次日一早,雪玉就收拾行李搬出了小公馆,搬进吴仁义原本为周鼎光准备的那套公寓。

公寓不大,仅一室一厅加一间小小的浴室,位于一栋四层楼房的第二层。吴仁义已经交了半年租金,最初是打算为周鼎光提供长期服务,就以雪玉的名义签了租约。结果一场变故后,只能改变用途作为这位下堂妾的安置场所。

至于雪玉是否愿意住进这个给她带来过奇耻大辱的地方,吴仁义并不考虑。只觉得以她的“善解人意”,应该不会在意了。

住进公寓的第一晚,雪玉迟迟没有入睡。她一直坐在窗前,看着幽蓝夜空中那弯上弦月发呆。弯弯的月牙儿如同一把锋利的镰刀,割得她一双眼睛锐痛无比。直痛得滚下泪来,一行又一行…

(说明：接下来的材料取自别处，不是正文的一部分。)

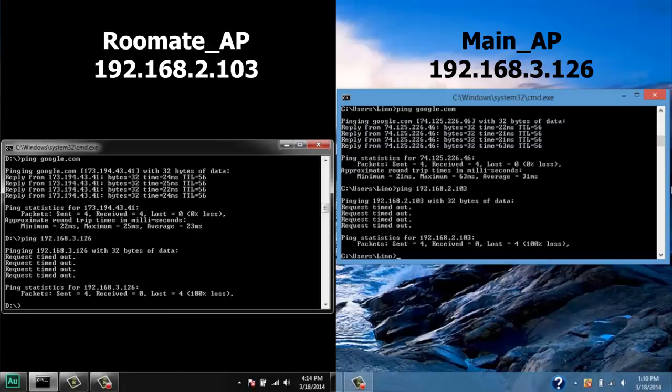Now, we can be sure that our configuration is working properly. Thank you for watching our video. If you find this video helpful, please leave a comment below.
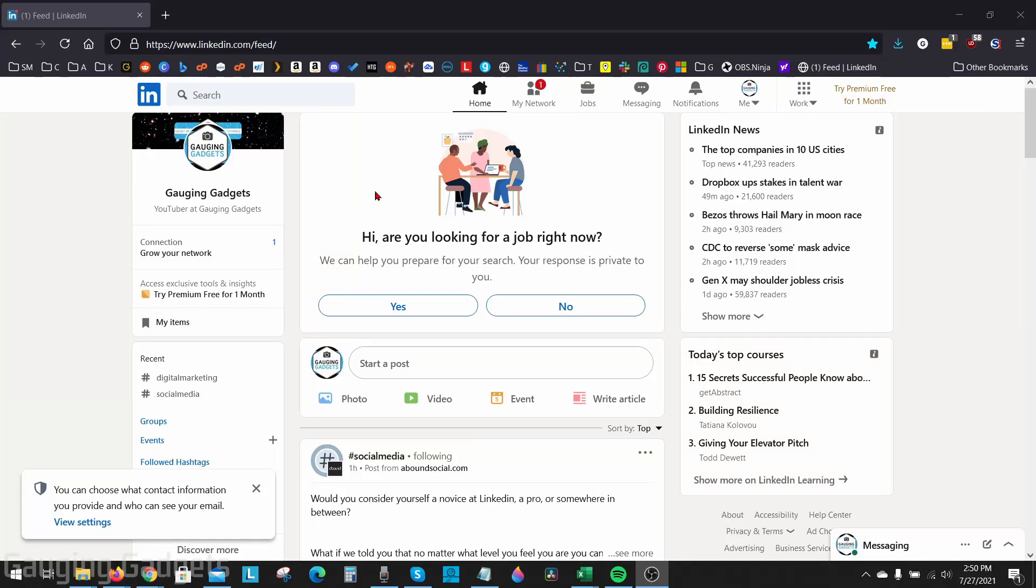Welcome to another Gauging Gadgets LinkedIn tutorial video. In this video, I'm going to show you how to create a custom LinkedIn profile URL for your LinkedIn profile.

雪玉住进公寓才不过两三天,天香楼的鸨母就找上门来了。因为听说了她被“休”的消息,鸨母特来劝说她重新回到天香楼挂牌接客。说是经过那桩桃色新闻一闹后,她的名气反而更大了,许多客人都希望她重树艳帜。如果她肯回去,生意一定比以前还要好。而且赚的钱也不再是尽数入鸨母的口袋,可以改为五五对半分账。因为她现在是自由身,重返天香楼属于挂靠合作性质,而非昔日那样完全只是帮鸨母赚钱的人形工具。

对此,雪玉没有犹豫太久就一口答应了。她已经认清楚了一件事——妓-女从良不是那么容易的,想找个可以放心托附终身的男人就更难了。有道是易求无价宝,难得有情郎。既然后者的难度那么高,她想自己还是挑容易的干吧。趁着还有几分姿色,重回青楼多赚一些钱财傍身,远比傻傻地找个男人依靠要靠谱得多。

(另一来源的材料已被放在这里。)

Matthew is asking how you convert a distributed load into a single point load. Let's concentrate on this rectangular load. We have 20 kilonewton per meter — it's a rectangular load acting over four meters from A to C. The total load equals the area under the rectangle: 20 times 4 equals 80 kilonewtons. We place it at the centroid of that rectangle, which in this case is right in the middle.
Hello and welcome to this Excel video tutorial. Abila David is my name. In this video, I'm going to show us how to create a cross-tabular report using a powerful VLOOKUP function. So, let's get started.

就这样,雪玉又回到了天香楼,重新以烟波玉的花名成为了头牌红倌。果然如鸨母所说,嫖客们都对这位桃色新闻的女主角大感兴趣,每天想要一睹艳色一近芳泽的客人多得数不过来。

对此,烟波玉矜持地表态每天只陪三位客人,原则就是一个——价高者得。而且这个价格只是陪打茶围和喝花酒,出局、住局的话还得另算,也得看她是否愿意。越是这样吊起来卖,越是让人趋之若鹜。天香楼的生意在她回去后每天好到爆棚,鸨母乐得合不拢嘴。

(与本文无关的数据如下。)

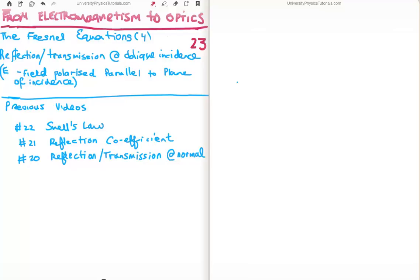In this video I'm going to continue on with my tutorials bringing us from electromagnetism to optics. This is video number 23, or video number 4 in the subsection on the Fresnel equations. Specifically I'm going to derive the reflection and transmission coefficients at oblique incidence. The case I'm going to analyze is when the electric field is polarized parallel to the plane of incidence.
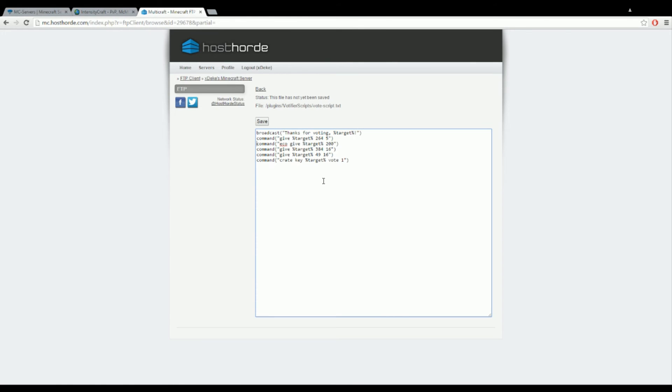For my server I give them crate keys. This one I had to look it up a little bit, but basically just do the command to give a player a key. For my server I use Crate Plus. I highly suggest that crate plugin, it's very simple to use and it works pretty efficiently. So when they vote they get a crate key and the vote key, and it gives them one.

当然,吴仁义对此很不高兴。但是烟波玉软语娇嗔的一番话却令他无从发作:“义哥,现在人人都知道我已经被你休了,是一个无依无靠也没有任何经济收入的下堂妾。如果我不答应鸨母在天香楼重新挂牌,人家会疑惑我是在靠什么养活自己的?那样就容易被人发现其实还是你在养着我,到时候你怎么解释呢?难道说你舍不得一个给你戴过绿帽子的女人吗?所以,我只好委屈自己,你却还要来抱怨我。真是没心肝啊!”

听了这番话后,吴仁义又还能说什么呢?只能讪讪然地啥也不说了。

梅雨时节一过,天气一晴朗,阳光中蕴含的热量就一天天高涨起来。夏天就这样跟随渐渐炎热的阳光一同降临了。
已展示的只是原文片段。